Call function in external get_sentimentr.R from within Python Loop

* https://medium.com/analytics-vidhya/calling-r-from-python-magic-of-rpy2-d8cbbf991571

* https://rpy2.github.io/doc/v3.0.x/html/generated_rst/pandas.html

In [140]:
%%file get_sentimentr.R

library(sentimentr)
library(lexicon)

get_sentimentr_values <- function(s_v) {
  
  print('Processing sentimentr_jockersrinker')
  sentimentr_jockersrinker <- sentiment(s_v, polarity_dt=lexicon::hash_sentiment_jockers_rinker, 
                                        hypen="", amplifier.weight=0.8, n.before=5, n.after=2,
                                        adversative.weight=0.25, neutral.nonverb.like = FALSE, missing_value = 0)

  print('Processing sentimentr_jockers')
  sentimentr_jockers <- sentiment(s_v, polarity_dt=lexicon::hash_sentiment_jockers, 
                                        hypen="", amplifier.weight=0.8, n.before=5, n.after=2,
                                        adversative.weight=0.25, neutral.nonverb.like = FALSE, missing_value = 0)

  print('Processing sentimentr_huliu')
  sentimentr_huliu <- sentiment(s_v, polarity_dt=lexicon::hash_sentiment_huliu, 
                                        hypen="", amplifier.weight=0.8, n.before=5, n.after=2,
                                        adversative.weight=0.25, neutral.nonverb.like = FALSE, missing_value = 0)

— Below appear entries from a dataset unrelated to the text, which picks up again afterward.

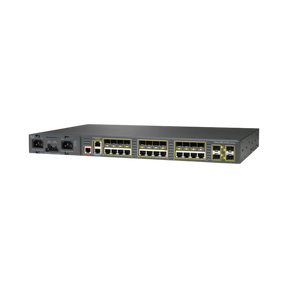 Cisco ME3400E 16-Port Managed Ethernet Switch — Being Shipped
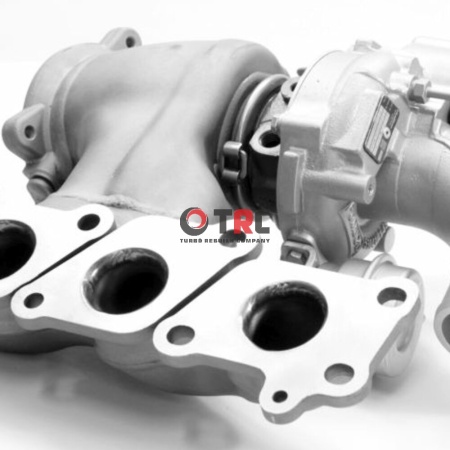 Турбина KKK 53039880259 FORD Kuga,Mondeo,Galaxy,Focus,S-Max 2.0 SCTI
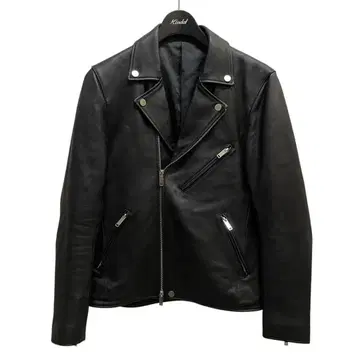 STUDIOUS 라이더 자켓 107458002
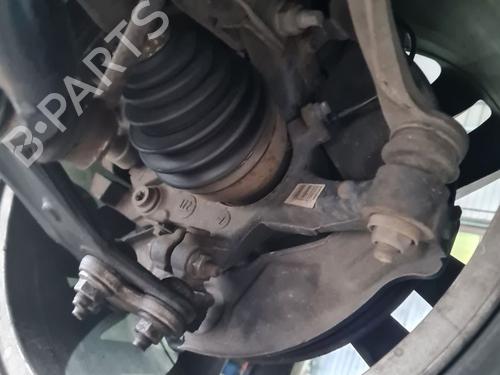 Used Right front steering knuckle Right front steering knuckle PEUGEOT 508 I (8D_) [2010-2018] 32084880 32084880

  print('Processing sentimentr_nrc')
  sentimentr_nrc <- sentiment(s_v, polarity_dt=lexicon::hash_sentiment_nrc, 
                                        hypen="", amplifier.weight=0.8, n.before=5, n.after=2,
                                        adversative.weight=0.25, neutral.nonverb.like = FALSE, missing_value = 0)

  print('Processing sentimentr_senticnet')
  sentimentr_senticnet <- sentiment(s_v, polarity_dt=lexicon::hash_sentiment_senticnet, 
                                        hypen="", amplifier.weight=0.8, n.before=5, n.after=2,
                                        adversative.weight=0.25, neutral.nonverb.like = FALSE, missing_value = 0)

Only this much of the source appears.